According to new data today released by Cybersecurity Insiders, 72 per cent of organisations experienced an increase in endpoint and IoT security incidents in the last year, while 56 per cent anticipate their organisation will likely be compromised due to an endpoint or IoT-originated attack with the next 12 months. The 2020 Endpoint and IoT Zero Trust Security Report sponsored by Pulse Secure and produced by Cybersecurity Insiders, examines the key issues, considerations, initiatives, and investments that enterprises are advancing for more robust Zero Trust endpoint and IoT security.

The comprehensive survey of 325 IT and cybersecurity decision makers in the US, conducted in September 2020, represented a balanced cross-section of organisations from financial services, healthcare and technology to government and energy.
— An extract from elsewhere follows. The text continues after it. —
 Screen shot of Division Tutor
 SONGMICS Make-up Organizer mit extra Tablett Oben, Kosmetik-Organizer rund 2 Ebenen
Alongside headline data that the majority experienced an endpoint and IoT security incident over the last 12 months, the top 3 issues were related to malware (78 per cent), insecure network and remote access (61 per cent), and compromised credentials (58 per cent). Perhaps more concerning was that over forty percent of respondents (43 per cent) expressed “moderate to unlikely means to discover, identify, and respond to unknown, unmanaged, or insecure devices accessing network and cloud resources.”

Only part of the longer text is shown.